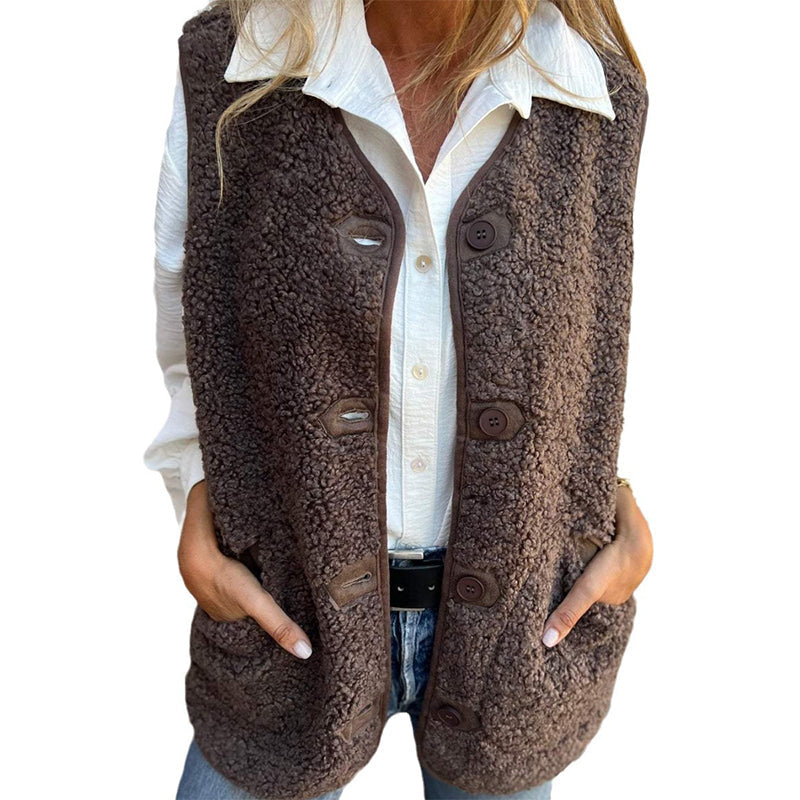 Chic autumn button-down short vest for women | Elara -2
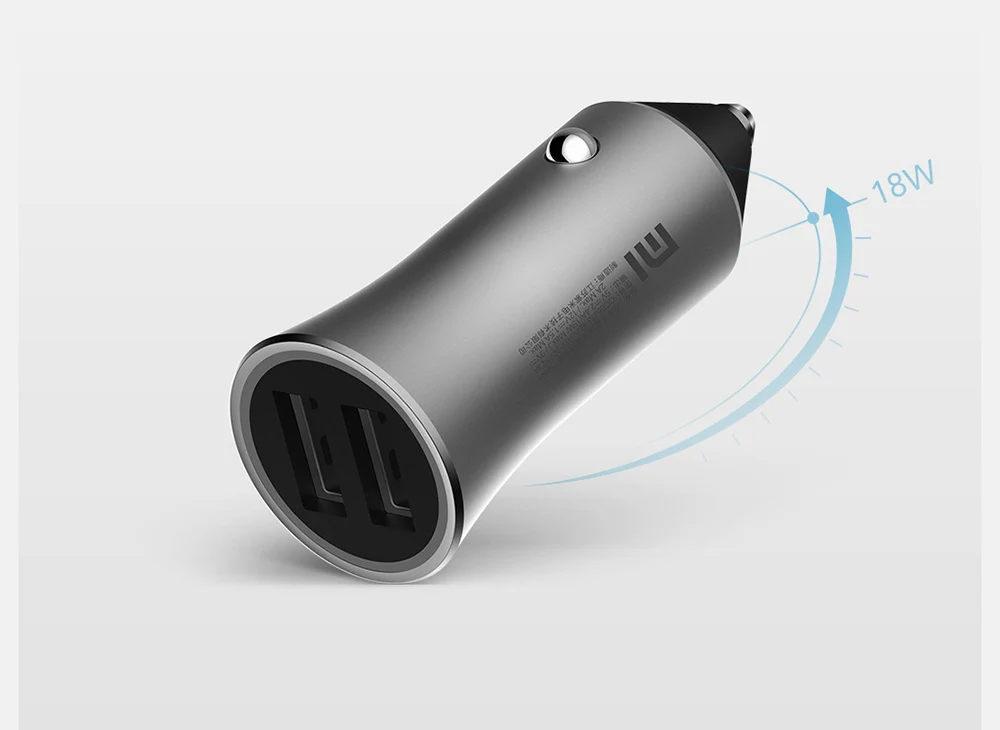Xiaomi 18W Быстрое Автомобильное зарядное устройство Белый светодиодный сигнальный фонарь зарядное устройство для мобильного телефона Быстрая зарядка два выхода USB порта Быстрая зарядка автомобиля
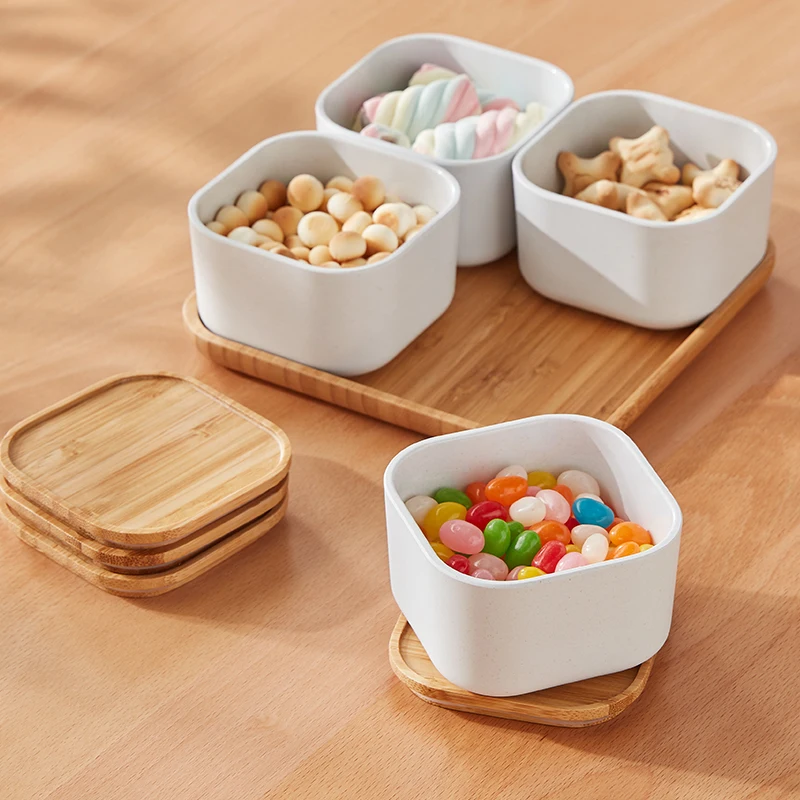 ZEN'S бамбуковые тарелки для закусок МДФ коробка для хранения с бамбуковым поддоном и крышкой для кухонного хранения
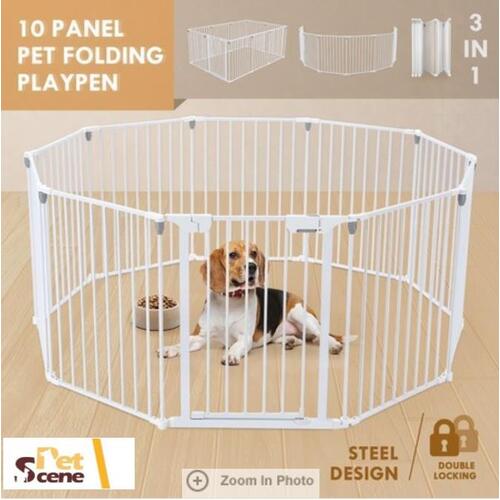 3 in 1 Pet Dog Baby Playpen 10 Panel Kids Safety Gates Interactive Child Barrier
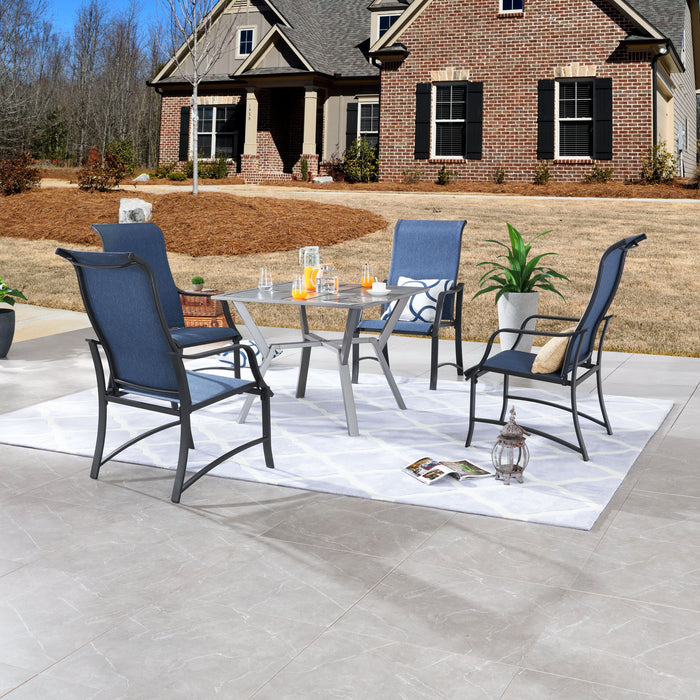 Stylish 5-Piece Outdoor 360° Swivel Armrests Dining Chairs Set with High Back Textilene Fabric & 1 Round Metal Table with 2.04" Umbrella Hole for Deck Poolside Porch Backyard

> _Your goal_
The response should be the lines from the one containing "Xiaomi 18W Быстрое" through the final line of the records, reproduced exactly and with every picture left out.

> _Solution_
Xiaomi 18W Быстрое Автомобильное зарядное устройство Белый светодиодный сигнальный фонарь зарядное устройство для мобильного телефона Быстрая зарядка два выхода USB порта Быстрая зарядка автомобиля
 ZEN'S бамбуковые тарелки для закусок МДФ коробка для хранения с бамбуковым поддоном и крышкой для кухонного хранения
 3 in 1 Pet Dog Baby Playpen 10 Panel Kids Safety Gates Interactive Child Barrier
 Stylish 5-Piece Outdoor 360° Swivel Armrests Dining Chairs Set with High Back Textilene Fabric & 1 Round Metal Table with 2.04" Umbrella Hole for Deck Poolside Porch Backyard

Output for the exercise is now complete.